If I understand the question correctly, what you are after is an effective Hamiltonian action of $\mathbb{T}^m$ on a (closed) symplectic manifold $(M,\omega)$ such that there exists a point $p \in M$ with finite stabilizer. If this is the case, there are plenty of examples. Consider a closed symplectic toric manifold $\mu: (M^4,\omega) \to \mathfrak{t}^*$ with Delzant (= moment) polygon $\Delta = \mu(M)$ with the property that the primitive integral tangent vector to the edge $e$ of $\Delta$ is of the form $(k,a) \in \mathbb{Z}^2$ for $|k| > 1$. Writing $\mathbb{T}^2 = S^1 \times S^1$, consider the restriction of this action to the first $S^1$, thus obtaining what is known as a Hamiltonian $S^1$-space $S^1 \curvearrowright (M^4,\omega)$ (these have been classified by Karshon in this paper). The moment map of this action is the composition $\mathrm{pr}_1 \circ \mu : M \to \mathrm{Lie}(S^1)^* \cong \mathbb{R}$, where $\mathrm{pr}_1 : \mathrm{t}^* \to \mathrm{Lie}(S^1)^*$ is the projection induced by the inclusion $S^1 \hookrightarrow \mathbb{T}^2$. Any point $p \in \mu^{-1}(\mathring{e})$ has finite stabilizer with respect to this $S^1$-action; in fact, the stabilizer is precisely the cyclic group of order $k$!

There are examples of Hamiltonian $S^1$-spaces which do not arise as above (*i.e.* they cannot be extended to a toric action) which also have finite stabilizers. If you take a look at Karshon's classification, these are precisely the points lying on what she calls $\mathbb{Z}_k$-spheres (except for the "north" and "south" poles of the spheres which are fixed points).
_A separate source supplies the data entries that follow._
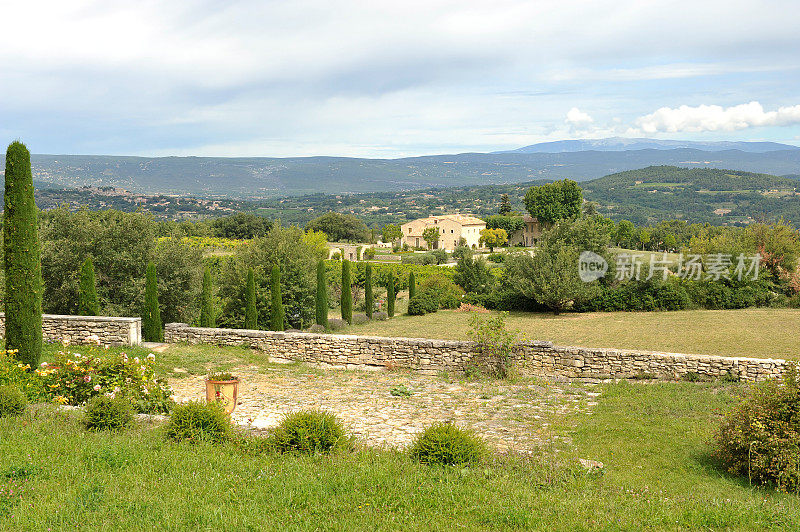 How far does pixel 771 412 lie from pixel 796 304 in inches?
1079

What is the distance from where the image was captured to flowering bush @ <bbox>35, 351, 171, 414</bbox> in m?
8.27

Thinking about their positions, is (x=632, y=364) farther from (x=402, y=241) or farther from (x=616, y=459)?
(x=402, y=241)

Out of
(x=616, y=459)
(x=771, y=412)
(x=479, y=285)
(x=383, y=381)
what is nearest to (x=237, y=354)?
(x=383, y=381)

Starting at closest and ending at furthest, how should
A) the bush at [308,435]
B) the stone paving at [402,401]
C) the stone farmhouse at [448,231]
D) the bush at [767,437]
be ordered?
the bush at [767,437], the bush at [308,435], the stone paving at [402,401], the stone farmhouse at [448,231]

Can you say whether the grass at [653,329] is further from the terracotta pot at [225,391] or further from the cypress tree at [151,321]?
the terracotta pot at [225,391]

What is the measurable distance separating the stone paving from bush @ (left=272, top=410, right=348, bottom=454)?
0.71 m

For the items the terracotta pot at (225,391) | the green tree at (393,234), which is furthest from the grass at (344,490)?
the green tree at (393,234)

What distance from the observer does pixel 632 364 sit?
11719 mm

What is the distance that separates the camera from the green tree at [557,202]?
8250 cm

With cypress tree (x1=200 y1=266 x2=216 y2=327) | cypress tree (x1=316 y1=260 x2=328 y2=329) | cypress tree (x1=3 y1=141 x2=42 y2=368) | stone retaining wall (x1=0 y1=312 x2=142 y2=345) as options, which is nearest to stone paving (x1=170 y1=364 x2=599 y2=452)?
cypress tree (x1=3 y1=141 x2=42 y2=368)

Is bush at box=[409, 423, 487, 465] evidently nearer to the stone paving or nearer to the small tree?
the stone paving

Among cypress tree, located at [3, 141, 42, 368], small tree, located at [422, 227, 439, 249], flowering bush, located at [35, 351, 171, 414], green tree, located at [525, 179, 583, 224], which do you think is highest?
green tree, located at [525, 179, 583, 224]

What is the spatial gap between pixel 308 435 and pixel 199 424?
4.61 ft

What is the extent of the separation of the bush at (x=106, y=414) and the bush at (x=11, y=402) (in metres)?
1.09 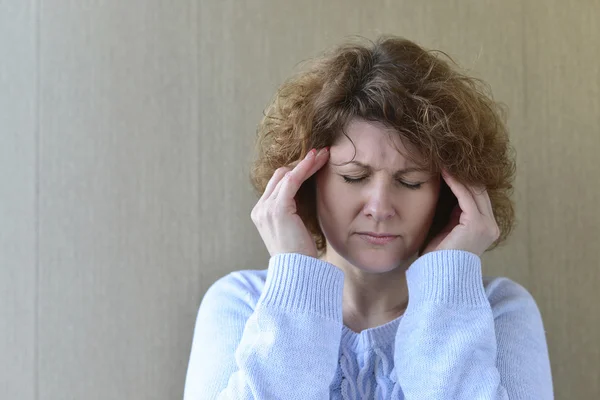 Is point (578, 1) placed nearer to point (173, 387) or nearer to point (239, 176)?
point (239, 176)

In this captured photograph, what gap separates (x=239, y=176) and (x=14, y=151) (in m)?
0.48

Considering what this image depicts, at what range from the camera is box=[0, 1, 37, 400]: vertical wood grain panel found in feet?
4.81

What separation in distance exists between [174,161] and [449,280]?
2.16ft

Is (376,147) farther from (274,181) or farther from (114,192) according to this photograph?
(114,192)

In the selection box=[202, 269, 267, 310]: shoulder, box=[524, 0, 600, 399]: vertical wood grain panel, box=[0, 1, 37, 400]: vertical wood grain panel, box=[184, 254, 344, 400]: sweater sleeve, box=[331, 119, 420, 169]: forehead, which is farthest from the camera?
box=[524, 0, 600, 399]: vertical wood grain panel

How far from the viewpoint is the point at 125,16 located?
1.49 m

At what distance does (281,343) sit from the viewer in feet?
3.70

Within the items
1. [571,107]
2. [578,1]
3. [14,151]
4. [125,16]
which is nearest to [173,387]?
[14,151]

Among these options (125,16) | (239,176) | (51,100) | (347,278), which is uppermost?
(125,16)

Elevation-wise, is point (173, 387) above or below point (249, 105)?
below

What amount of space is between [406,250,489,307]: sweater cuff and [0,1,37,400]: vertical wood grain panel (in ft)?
2.71

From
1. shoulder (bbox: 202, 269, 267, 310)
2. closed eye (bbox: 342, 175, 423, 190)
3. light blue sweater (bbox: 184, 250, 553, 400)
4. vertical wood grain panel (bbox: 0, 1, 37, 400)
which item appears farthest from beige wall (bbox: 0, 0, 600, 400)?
closed eye (bbox: 342, 175, 423, 190)

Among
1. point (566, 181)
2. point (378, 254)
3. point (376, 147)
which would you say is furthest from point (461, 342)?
point (566, 181)

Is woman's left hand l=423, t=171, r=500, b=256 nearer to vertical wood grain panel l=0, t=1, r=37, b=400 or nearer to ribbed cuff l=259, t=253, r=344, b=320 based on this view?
ribbed cuff l=259, t=253, r=344, b=320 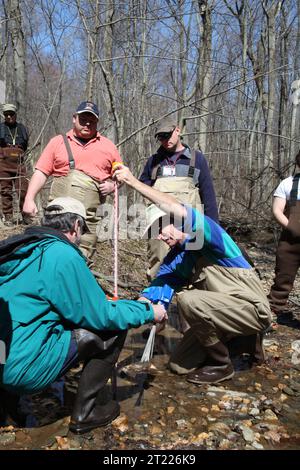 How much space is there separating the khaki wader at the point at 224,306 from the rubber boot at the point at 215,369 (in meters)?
0.08

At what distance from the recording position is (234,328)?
10.8 feet

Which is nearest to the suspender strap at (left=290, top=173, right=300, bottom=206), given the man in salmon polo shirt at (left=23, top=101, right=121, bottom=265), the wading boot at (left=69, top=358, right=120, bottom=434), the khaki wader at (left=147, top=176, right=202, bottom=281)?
the khaki wader at (left=147, top=176, right=202, bottom=281)

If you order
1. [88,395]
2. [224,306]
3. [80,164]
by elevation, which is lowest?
[88,395]

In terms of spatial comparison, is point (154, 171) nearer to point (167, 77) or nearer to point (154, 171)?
point (154, 171)

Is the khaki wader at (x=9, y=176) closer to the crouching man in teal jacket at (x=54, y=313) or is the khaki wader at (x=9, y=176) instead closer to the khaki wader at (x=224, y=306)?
the khaki wader at (x=224, y=306)

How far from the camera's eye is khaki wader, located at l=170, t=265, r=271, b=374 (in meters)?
3.20

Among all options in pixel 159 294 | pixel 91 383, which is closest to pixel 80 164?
pixel 159 294

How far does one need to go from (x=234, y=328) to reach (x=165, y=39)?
7850 millimetres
In all of the above examples, the set of points with finite stabilizer is "small", *i.e.* it has empty interior. This is always the case for *effective* Hamiltonian actions by a torus $\mathbb{T}^m$ on a connected symplectic manifold $(M,\omega)$. The fact that $\mathbb{T}^m$ is abelian is crucial in the above statement. If you are interested in the case of this set of points with finite stabiliser being "large", say being open and dense, then a good place to look at is *multiplicity-free Hamiltonian spaces*, which are the non-abelian analogue of closed symplectic toric manifolds. A good reference is this paper by Knop.